В бывшей Асиной спальне сидел за письменным столом Афанасий Ханов. Он радостно поздоровался с Катей.
– Проведать приехали? Ну, как у вас в городе работа идет?
Катя спросила, не будет ли сегодня или завтра утром подводы в город, чтобы ей поехать с матерью.
– Я сам на заре еду, и со мной еще товарищ один. Приходите в ревком, прихвачу вас.
Каждую минуту его отрывали. Вошли два солдата с винтовками, протянули измятый клочок бумаги.
– Вина? Не могу товарищи, отпустить. Только по записке коменданта.
– Что нам комендант! Нам указ только командир полка. Вот записка его.
– Что за записка! Даже без печати… Поймите, товарищи, ведь это народное достояние, вино у нас на учете, не могу я его раздавать.
– Да много ли мы просим? Дайте ведра два, и ладно!
– Не могу, – понимаете?
Солдат в фуражке артиллериста сказал:
– Всего двое нас, потому и разговариваем. Дай, вдесятером придем, тогда разговор будет другой.
Они ушли, угрожающе ворча. Ханов измученно потирал лоб ладонью.
– Понимаете, вот каждый день так. В четверг пришли к складу, милиционеров наших на мушку, вышибли дверь погреба и увезли, понимаете, целую бочку. Ведь вот какой народ!
Пришел столяр Капралов. Катя обрадовалась.
– А я как раз вас ищу.
Капралов не был пьян, умное лицо его было серьезно, без пьяно-юмористических огоньков.
– Меня прислал Отдел узнать, как у вас тут идет работа.
– Вот хорошо, что приехали. О многом нужно потолковать.
Вошел Гребенкин и сел за стол.
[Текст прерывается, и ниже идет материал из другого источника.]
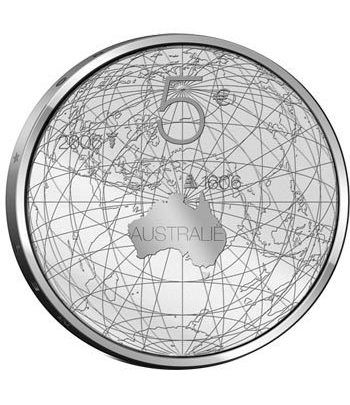 Holanda 5 Euros 2006 4º Centenario descubrimiento de Australia.  - 1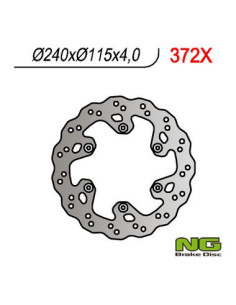 DISQUE DE FREIN NG BRAKE PETALE ARRIERE FIXE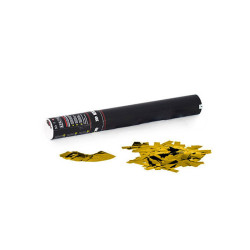 Handheld Cannon 28 cm metallic confetti - Gold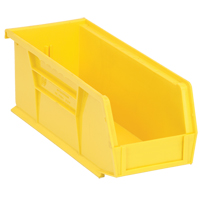 Ultra Stack & Hang Bin, 4-1/8" W x 4" H x 10-7/8" D, Yellow NTL Industrial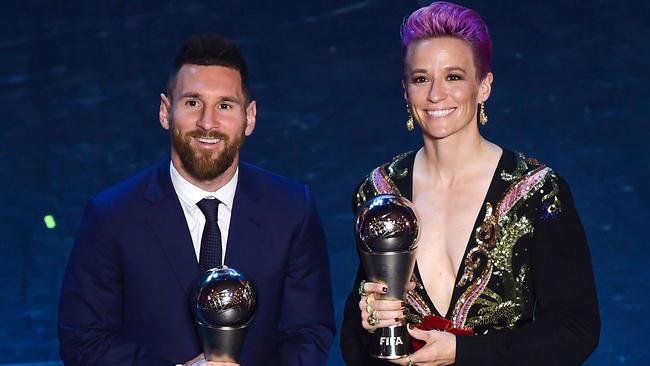 Lionel Messi and Megan Rapinoe grabbed the top gongs.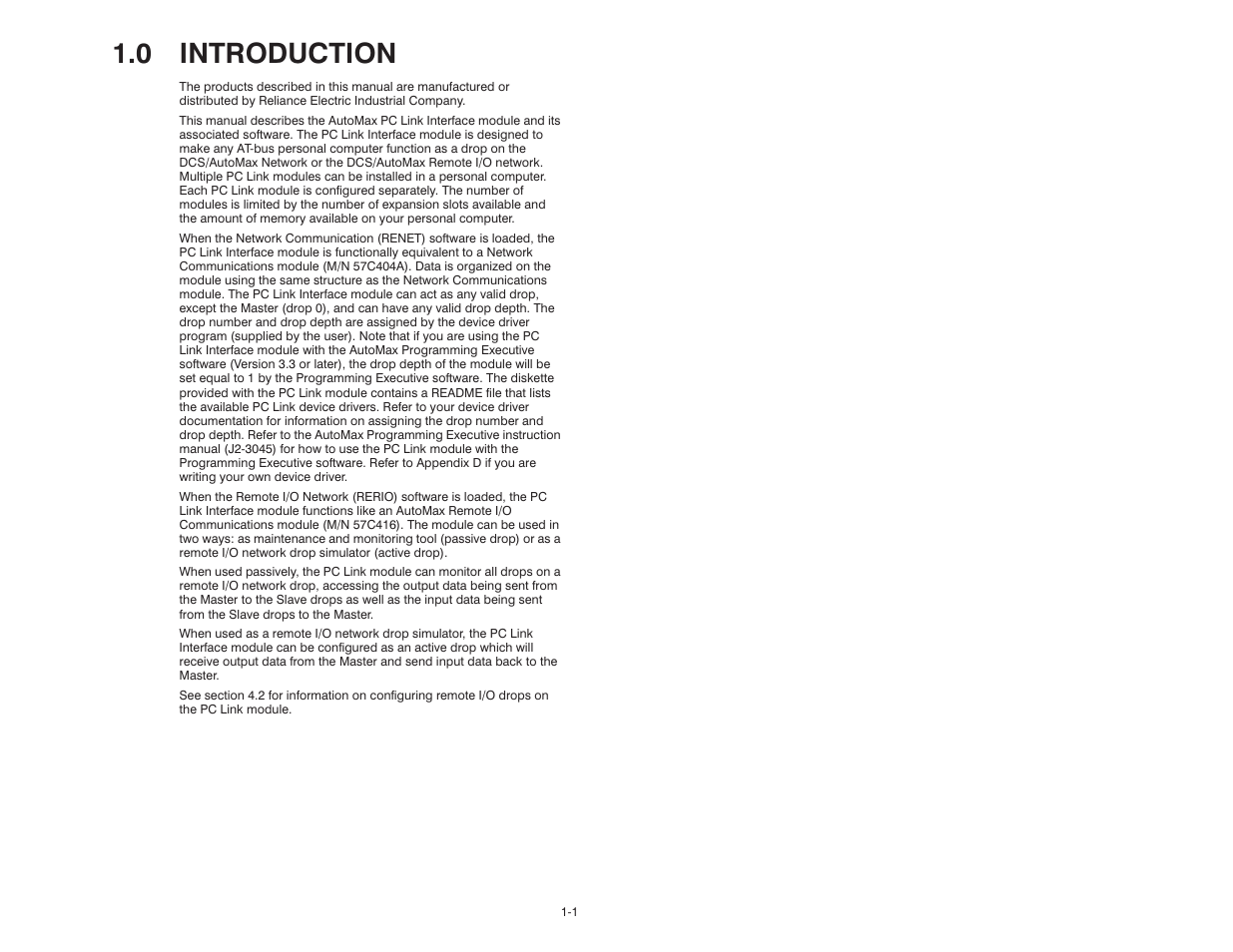 0 introduction | Rockwell Automation 57C445 AutoMax PC Link Interface Module User Manual | Page 7 / 52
Капралов сказал ему:
– Сашка, на завтра нужно двух барышень пригласить, сделать перепись безграмотным.
Гребенкин усмехнулся.
– "Пригласи-ить"? Ишь, какие нежности! Мобилизуем. Вот, две девицы агаповские без дела шляются. Их пошлем.
Катя удивилась.
– Зачем же насильно заставлять? Наверно, много найдется желающих и по доброй воле. Все ведь голодные.
– Спрашивать их еще, – "желаете ли?" Го-го!
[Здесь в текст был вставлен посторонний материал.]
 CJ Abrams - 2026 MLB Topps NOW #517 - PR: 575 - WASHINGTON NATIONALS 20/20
– Двух мало, – заметил Капралов. – Запасную еще наметь, – может, какая больна окажется.
– Больна-а? – Гребенкии грозно нахмурил брови. – Нам тогда скажи. Мигом вылечим.
Капралов с одушевлением и волнением рассказывал Кате, что сегодня в зале Бубликовской гостиницы у него идет первый концерт-митинг. Будет декламировать кой-кто из дачников, княгиня Андожская будет петь и агаповская барышня. Просил он Гуриенко-Домашевскую, она тоже согласилась.
– Да будет тебе! Вот человек! – возмутился Гребенкин. – "Просил", "согласилась"… Обязана идти без разговоров! Не те времена.
Катя вскипела.
– Какое хамство! Зачем вам, Гребенкин, нужны эти измывательства над людьми? Непременно власть свою показать! Как урядники в старые времена. Какая гадость! Гуриенко-Домашевская знаменита на всю Россию.
В колючих исподлобья глазах Гребенкина мелькнула мягкая, слегка сконфуженная усмешка. Ханов лениво сказал:
– Он озорничает. Что вы его слушаете.
– Ничего не озорничаю. "На всю Россию"… Сколько лет тут живет, – почему же ни разу не собралась мужикам поиграть? Заплати ей пять целковых с рыла, тогда пожалуйста! Вон какую себе дачу выстроила… Всех теперь заставим работать на народ, на простых людей!
И чувствовалось, как от своих слов он сам разжигался злобою.
Тихонько вошел Агапов, – осунувшейся, но по-всегдашнему ласково улыбаясь. При входе он снял свой картузик. Гребенкин грубо сказал:
– У нас тут богов никаких нет, наденьте шапку.
– Нет, я к тому… Жарко-с! – Агапов обратился к Ханову. – Получил я повестку от ревкома, – завтра идти в лес дрова рубить.
Глаза Гребенкина злорадно загорелись. Он удивленно сказал:
– Ну, да. Отчего же вам дровец не порубить?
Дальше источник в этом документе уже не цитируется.